Now, let's step into the arena.
Welcome to the Tech Arena.
My name is Alison Klein, and today we're coming to you
from MemCon in Mountain View, California. I'm delighted to have Shashank Chavan, Vice President
of In-Memory Data Technologies Group at Oracle with me. Welcome to the program.
Hi, thank you. Thank you for having me. So Shashank, let's just get started and define what it means to be the vice president of the In-Memory Data Technologies Group and what purview you have with the company. researchers working on the Oracle database product, where we develop performance-critical
and customer-visible features running in-memory technology. And I've been at Oracle for over 10
years now. When you think about in-memory technologies, and I was preparing for this
interview, it took me back to Oracle x10 systems and all of the innovation that happened maybe a decade plus ago to bring
some esoteric designs into computing to drive databases into in-memory.

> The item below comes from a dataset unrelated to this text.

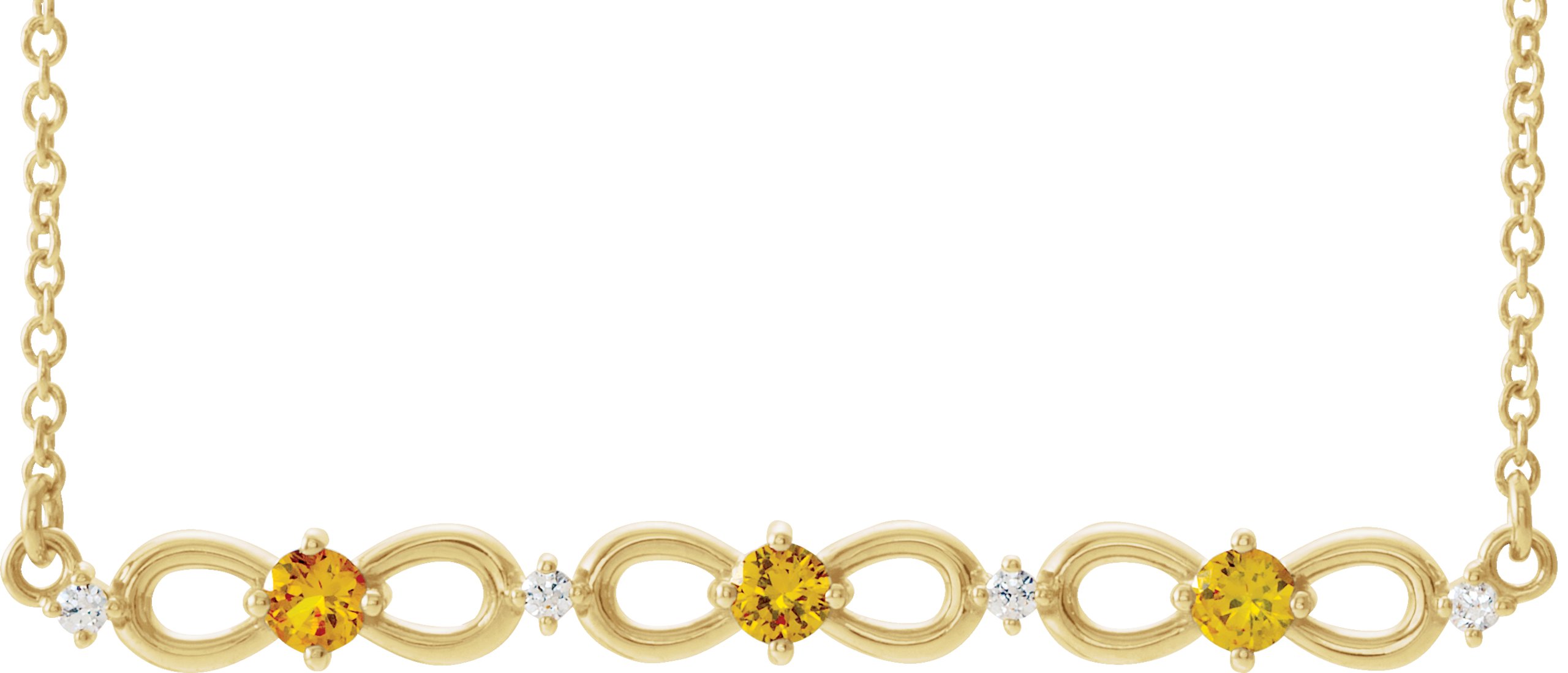 Family Bar Necklace or Center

And really, that was the first time that I'd ever heard of an in-memory computing to begin
with.
Why don't you tell the audience a little bit about that history in this space and why in-memory
has been such an important capability for your customers?
Yeah, absolutely.
So, Times 10 has been around for, I think, since the 90s.
It was developed at HP.
It's now part of Oracle.
I think Oracle bought Times 10, I don't know how many years ago,
maybe 10 years ago, maybe around that timeframe.
And Times 10 was one of the very first in-memory databases, as you mentioned. It's a, you know, 100% relational database where it is designed to,
you know, give you very fast, low latency access. And it was really, again, meant as it's a
relational database, you got transactional processing, query processing, and it's embedded
in the application itself. And so M-SAN is really
sitting in this application tier where it's used in the financial and telecommunications,
where low latency response times is critical. As I mentioned, that was one of the very first
innovations in relational databases with memory. And back in 10 some years ago, maybe 15 years ago, you started seeing a push for
in-memory columnar data engines in databases like SAP HANA and with Oracle, Oracle Database
and Memory. That's the product that I work on. And there we're moving again in memory
technologies into the database tier where your data of residing at rest as well as where, you know,
you are persisting your data. So it's not sitting close to the edge like that times 10. And it
primarily came out of the need from where the industry was going, where industry was looking
at being having real time access to data. And so accessing data over slower storage wasn't
efficient, wasn't working for the use cases, for the workloads that enterprises needed and need to this day.
So enterprises need real-time access to data and storing your data in memory enables that.
So that's kind of been the history where things are.
And you couldn't have in-memory databases before in part because we didn't have the memory capacities that we have now. We didn't have the compute capacities that we have now. And also,
as I mentioned, it's just an explosion of data now. And so real-time access to this data is
becoming more and more important. Well, we're at MemCon, so I'm going to ask you a bunch of
questions about data availability and what we're seeing in databases. When you look at how
organizations are using their
databases today, and everybody's talking about more data, you just talked about it,
more applications of data, where do you see this particular segment of application development
and other customers seeking today that might be different than they were even five years ago?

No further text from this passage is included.